# Master degree routes : Thesis or NON Thesis?



## 3John2 (Feb 12, 2012)

Just wondering ye all think is the best route for a university, non seminary, masters degree. Would that be with a thesis or non thesis route? In the long term for someone seeking to be employed as a teacher/professor which would be more beneficial & reflect a bit more positive on ones credentials? Sorry not sure if this has been covered before, I tried searching but way too many threads.


----------



## CharlieJ (Feb 12, 2012)

Thesis is usually seen as better than non-thesis, especially if one is applying for PhD work.


----------



## Bill The Baptist (Feb 12, 2012)

CharlieJ said:


> Thesis is usually seen as better than non-thesis, especially if one is applying for PhD work.

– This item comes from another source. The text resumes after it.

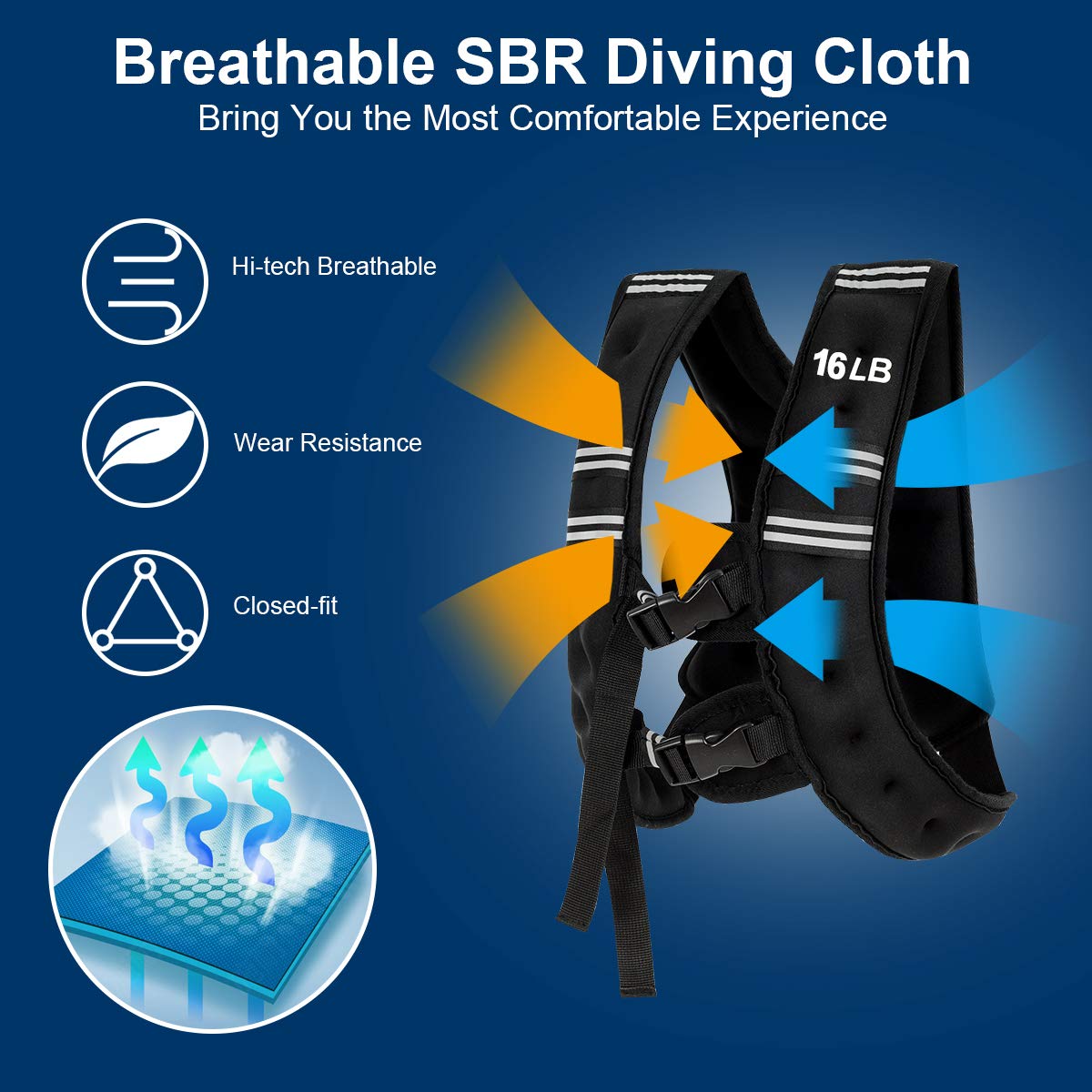 16lbs/30lbs Adjustable Weight Vest for Men & Women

 If you plan to pursue a PhD, then the thesis route is the way to go. If not, then it is not as important.


----------



## 3John2 (Feb 12, 2012)

That's what I thought but I'd figure I'd ask those with more wisdom to chime in on their views. Thanks again.


----------



## SolaScriptura (Feb 12, 2012)

What is the subject matter in which you are pursuing a Master's degree?


----------



## Tim (Feb 12, 2012)

If you want to go beyond a masters, the answer is undoubtedly: thesis.


----------



## 3John2 (Feb 12, 2012)

SolaScriptura said:


> What is the subject matter in which you are pursuing a Master's degree?



History.


----------



## John Bunyan (Feb 12, 2012)

3John2 said:


> SolaScriptura said:
> 
> 
> > What is the subject matter in which you are pursuing a Master's degree?
> ...




That's the same as my mother's, cool. What is your research project?


----------